Celebrating Doctrine in Preaching and Practice
His problem is — and I don’t care if he hears this, because I told him face to face — he doesn’t foreground it. It is so backgrounded, nobody would know it. Doctrine plays such a small role in his preaching. “But,” he would say, “it doesn’t play a small role in our church.” He said, “I would take any random five hundred people from Saddleback and put them against any random five hundred people at Grace Church under John MacArthur and my people would win theologically.” That is what he said. I don’t know if that is true, but at least you know he is thinking: We do curriculum here, and I get people by talking about five ways to be happy, and then they go from base one to base two to base three — home run. And they go over to John MacArthur and play ball.
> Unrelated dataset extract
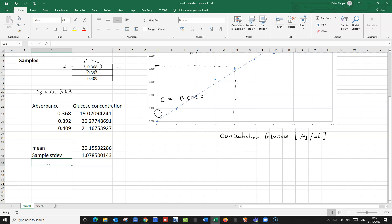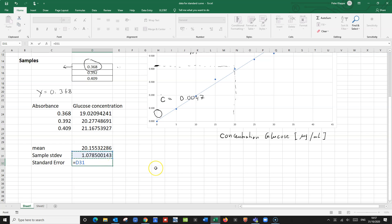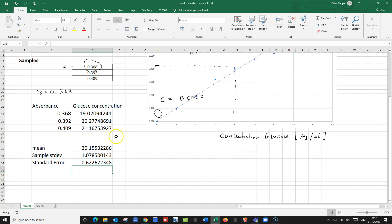And we can calculate the standard error. We know that we do this by calculating the standard deviation divided by the square root of the number of observations. Here we've got three observations, so it would be the standard deviation divided by the square root of three. And we would get a standard error of 0.62.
“Church is a given in the New Testament. If you are not part of a church, you are not part of Jesus.”
I don’t think that is a good way to do church. I think if you background doctrine consistently, eventually you are going to not do as much good as you could. So I told him at the end of that conversation, “Rick, I am the older guy — a little older than you are. Believe it or not, I am older than you are, and I am exhorting you: Spend the last ten or twenty years of your ministry going deep and not just going wide, and I think you will have a longer legacy. But I don’t know if he took my advice. I don't think so.
Glorying in the Risen Christ
But your bigger question is how to relate to the wider evangelical church. We should. I mean, I would hope that you become a pastor, and people come to your church, and their first thought is not, “They believe in the five points here.” That just should not be their first thought. Their first thought should be, “They have a gigantic Jesus here, gloriously able to meet my needs, forgive my sins, save my soul, and meet every practical need in my life. This is a great place to worship King Jesus. What is behind this?”
Well, it happens to be reformed theology. You don’t keep it a secret, but when you read the New Testament, your first impression is not, “Aha, five points everywhere.” Once you see them, you spot them. But it is not written that way, and our preaching shouldn’t sound that way. It shouldn’t sound doctrinaire and packaged and to the beat. I mean the smell of TULIP should be there. They don’t smell good, though, do they? Roses. Roses would be better.
So, yes, we should have huge overlapping commitments with the broad, generic evangelical community and should not be trying to draw our little lines: “Oh, I am not one of those kinds of people.” I think we will have a better impact for the things we love about God — for true things about God — if we are not constantly fingering all the badnesses that are in the broader evangelical world, but, instead, being robustly strong in the goodnesses of reformed thinking.